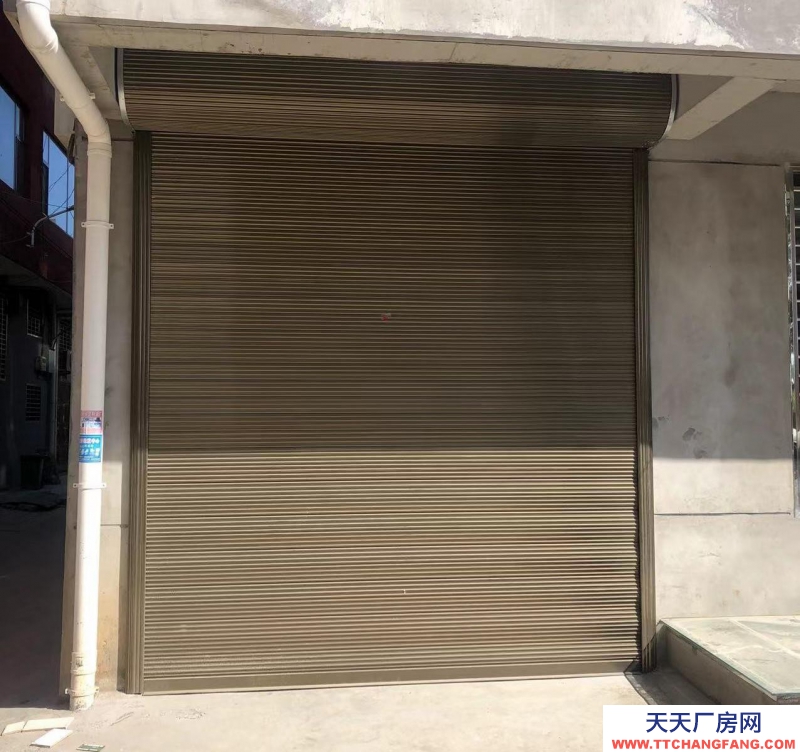 (出租) 出入方便 門口寬敞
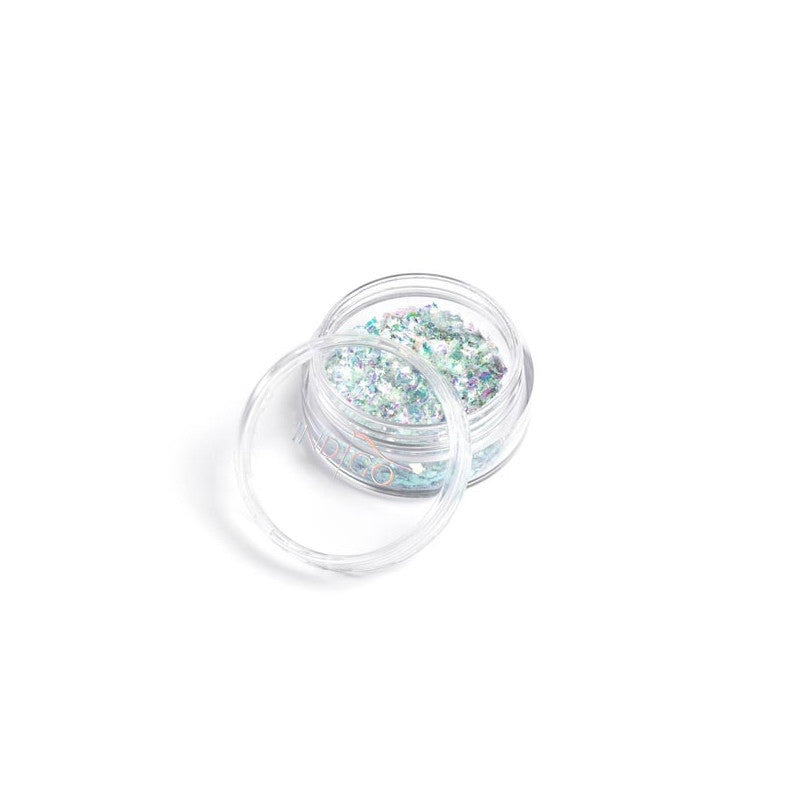 Flame Holo WASH & GLOW 0.4g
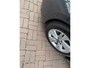 Volkswagen Golf 1.5 eTSI R-Line Aut. Style | LED | Stoel + stuurverwarming | ACC | PDC  07-2020 76.689 KM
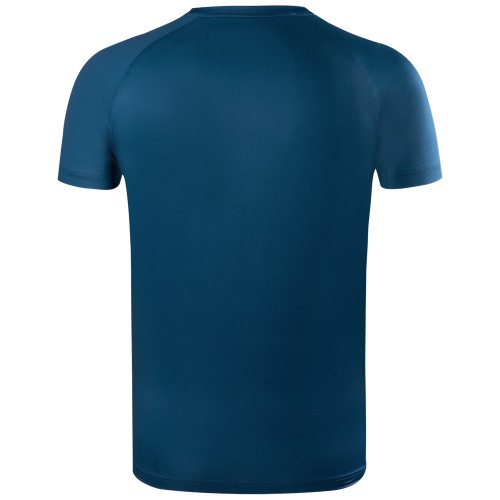 Tee-shirt Victor T-30017 F Homme Bleu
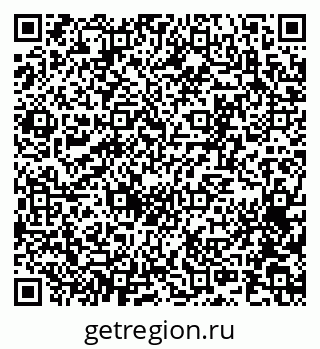 79065251898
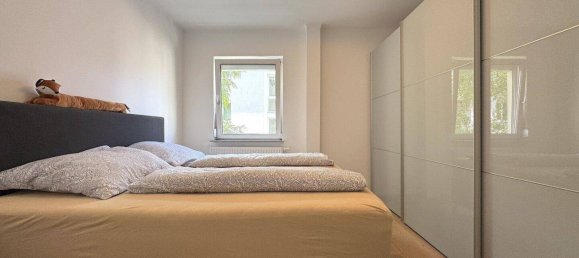 3 rooms Apartment in Innsbruck-Stadt, Austria No. 202153 6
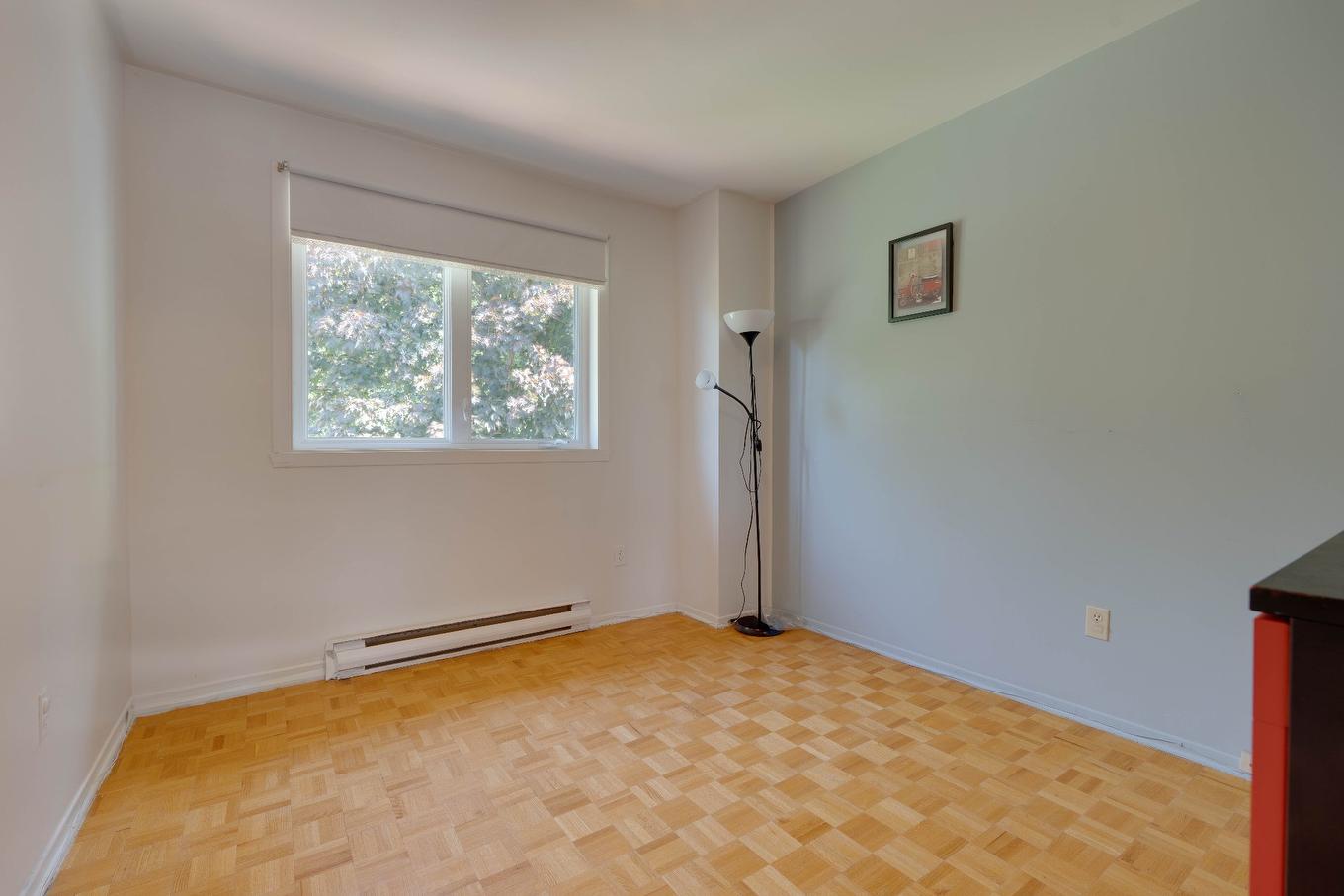 Bedroom - 5125 Av. Clarendon, Laval (Chomedey), QC - Indoor Photo Showing Other Room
++++++++++++++++++++
Please return the material above unchanged, with every picture removed.

 (出租) 出入方便 門口寬敞
 Flame Holo WASH & GLOW 0.4g
 Volkswagen Golf 1.5 eTSI R-Line Aut. Style | LED | Stoel + stuurverwarming | ACC | PDC  07-2020 76.689 KM
 Tee-shirt Victor T-30017 F Homme Bleu
 79065251898
 3 rooms Apartment in Innsbruck-Stadt, Austria No. 202153 6
 Bedroom - 5125 Av. Clarendon, Laval (Chomedey), QC - Indoor Photo Showing Other Room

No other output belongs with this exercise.